- **ACTIVITY**: From the line containing "Диван Босс 2х местный Велюр Монолит аква" down to the last line of the material below, copy each line exactly and leave out the rest.

[[ DATA FOR REVIEW, beginning ]]

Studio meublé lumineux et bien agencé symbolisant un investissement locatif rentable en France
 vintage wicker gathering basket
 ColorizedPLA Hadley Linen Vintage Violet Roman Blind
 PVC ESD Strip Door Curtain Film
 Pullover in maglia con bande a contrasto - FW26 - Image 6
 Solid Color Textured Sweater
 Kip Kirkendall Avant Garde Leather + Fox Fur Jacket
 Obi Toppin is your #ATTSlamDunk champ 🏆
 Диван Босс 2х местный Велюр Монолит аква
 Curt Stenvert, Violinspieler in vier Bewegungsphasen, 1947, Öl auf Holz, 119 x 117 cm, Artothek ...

[[ DATA FOR REVIEW, end ]]

- **RESULT FOR THIS EXERCISE**:
 Диван Босс 2х местный Велюр Монолит аква
 Curt Stenvert, Violinspieler in vier Bewegungsphasen, 1947, Öl auf Holz, 119 x 117 cm, Artothek ...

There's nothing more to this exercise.